__DATA SHOWN__:
*-*-*

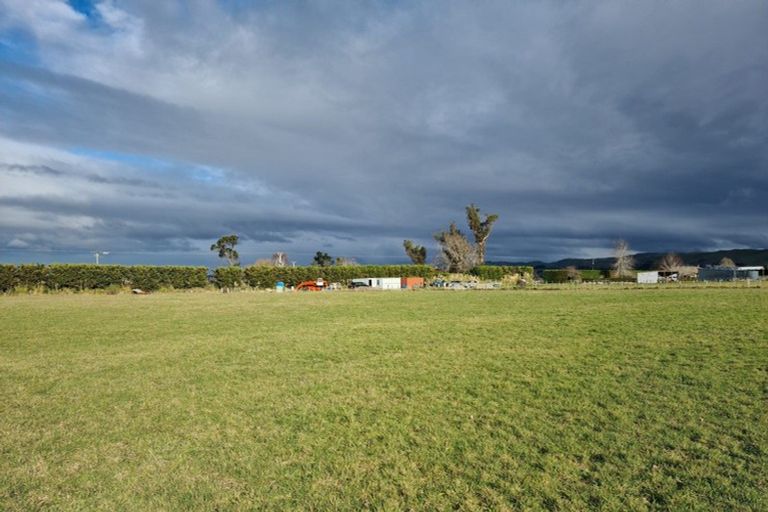 Photo of property in 90 Mina Road, Cheviot, 7382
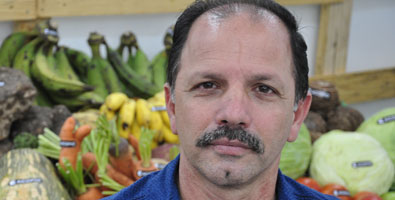 Jorge Félix González Barreto, director de Comercialización y  Desarrollo de la Unión de Acopio del Minag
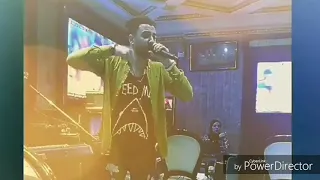 نأمن مين فى دنيا كلها خاينين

*-*-*

__WORK INSTRUCTIONS__: Return the material exactly as given above, picture-free.

__RESPONSE TO THE EXERCISE__:
 Photo of property in 90 Mina Road, Cheviot, 7382
 Jorge Félix González Barreto, director de Comercialización y  Desarrollo de la Unión de Acopio del Minag
 نأمن مين فى دنيا كلها خاينين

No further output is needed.